• [AIM OF THE TASK] Go to the line below containing "Dutchsinse Store It’s" and print exactly from there through the line containing "Le travail des", both included. Print nothing else.

• [RECORD EXTRACTS]
▬▬▬▬▬▬

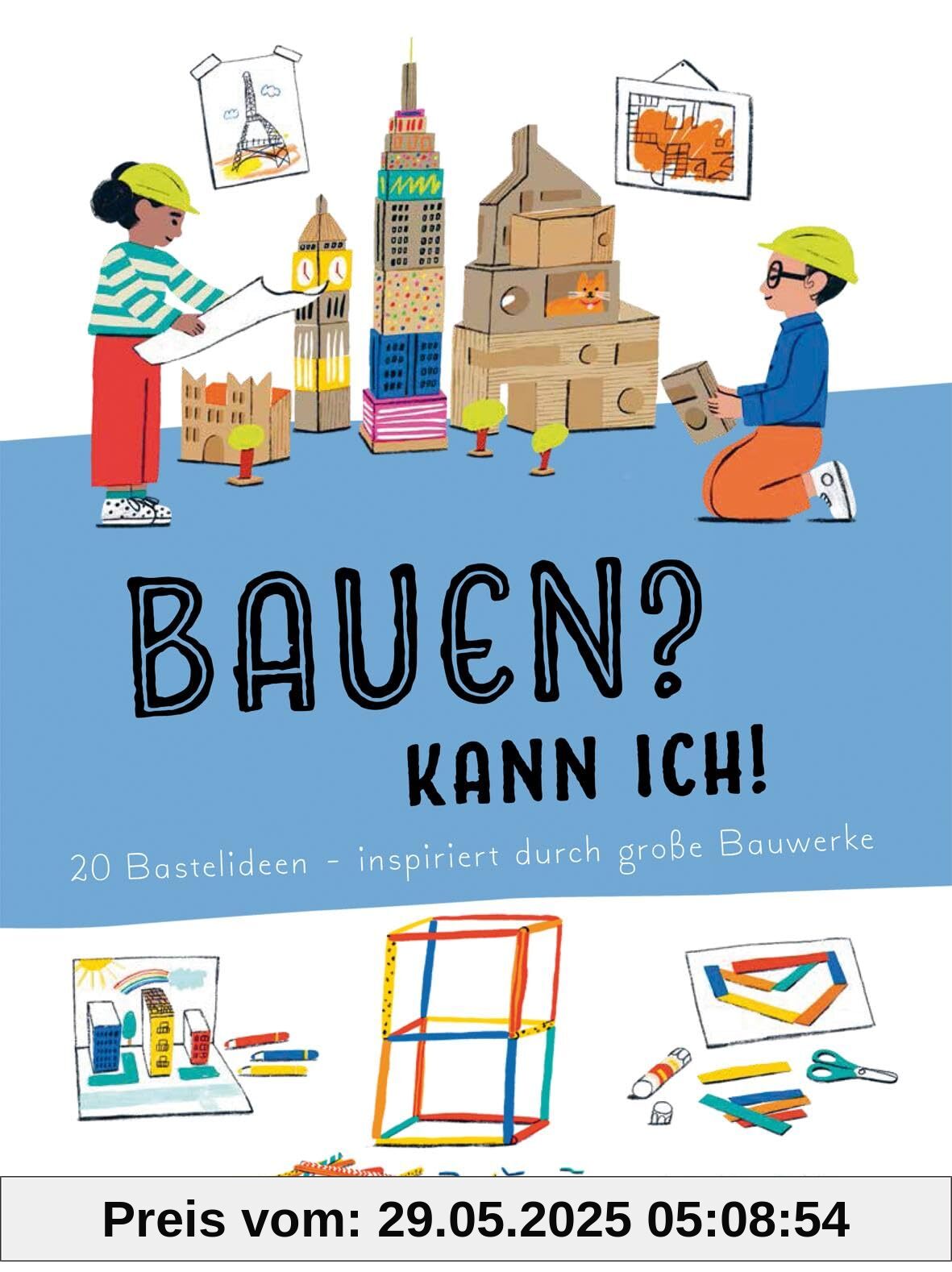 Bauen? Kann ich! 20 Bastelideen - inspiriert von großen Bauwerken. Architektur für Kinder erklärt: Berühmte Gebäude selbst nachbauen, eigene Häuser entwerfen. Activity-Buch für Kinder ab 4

▬▬▬▬▬▬

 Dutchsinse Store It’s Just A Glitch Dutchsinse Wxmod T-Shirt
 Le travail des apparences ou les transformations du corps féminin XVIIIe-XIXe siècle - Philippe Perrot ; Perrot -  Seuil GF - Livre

▬▬▬▬▬▬

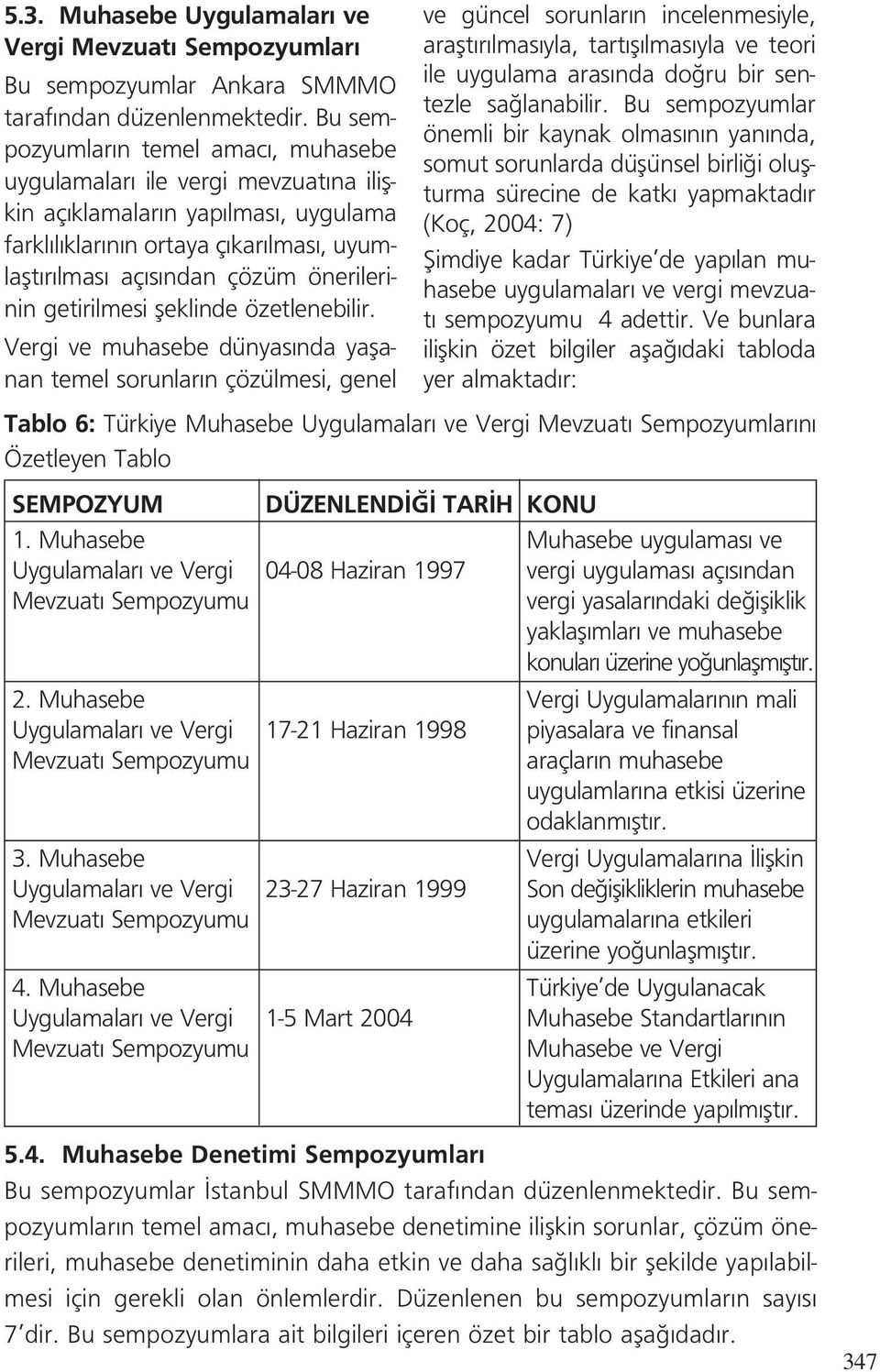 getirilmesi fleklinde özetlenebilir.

▬▬▬▬▬▬

• [WRITTEN ANSWER]
 Dutchsinse Store It’s Just A Glitch Dutchsinse Wxmod T-Shirt
 Le travail des apparences ou les transformations du corps féminin XVIIIe-XIXe siècle - Philippe Perrot ; Perrot -  Seuil GF - Livre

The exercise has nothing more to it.